While I do think miracles still happen, I tend to think that they are mostly "low-profile" these days-- only visible if you're looking for them, and even then not always certainy identifiable as such.
I also think that some of the stories of miraculous occurrances in the Tanach are not to be taken literally-- the flood, for example, or Lot's wife becoming a pillar of salt-- but I also think some may have literally occurred in some fashion.
In my reading, I have not come across any concurrence amongst Jewish thinkers as to why more "showy" miracles no longer take place; and some of the theories I have encountered seem more satisfactory, and some less so.

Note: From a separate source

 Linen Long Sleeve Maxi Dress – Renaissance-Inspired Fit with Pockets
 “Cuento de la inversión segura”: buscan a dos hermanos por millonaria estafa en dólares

My personal opinion is this. A good parent intervenes frequently and directly when raising a small child, in order to teach, to give consequences, and to spare them from too much harm; a good parent raising an older child-- a teenager or twentysomething-- knows to back off, let the child make their own mistakes and suffer their own consequences, and to be more discreet and quiet about providing them aid and assistance, so that the older child can learn and grow and thrive on their own two feet.
In the same way, God has "backed off" in His parenting style as the human race has grown and our societies and thinking have evolved. If we are to become mature, both as a species and in terms of our societies, we must be allowed to walk our own ways, and hopefully come to use productively the teaching and guidance that God has provided us in our "younger days."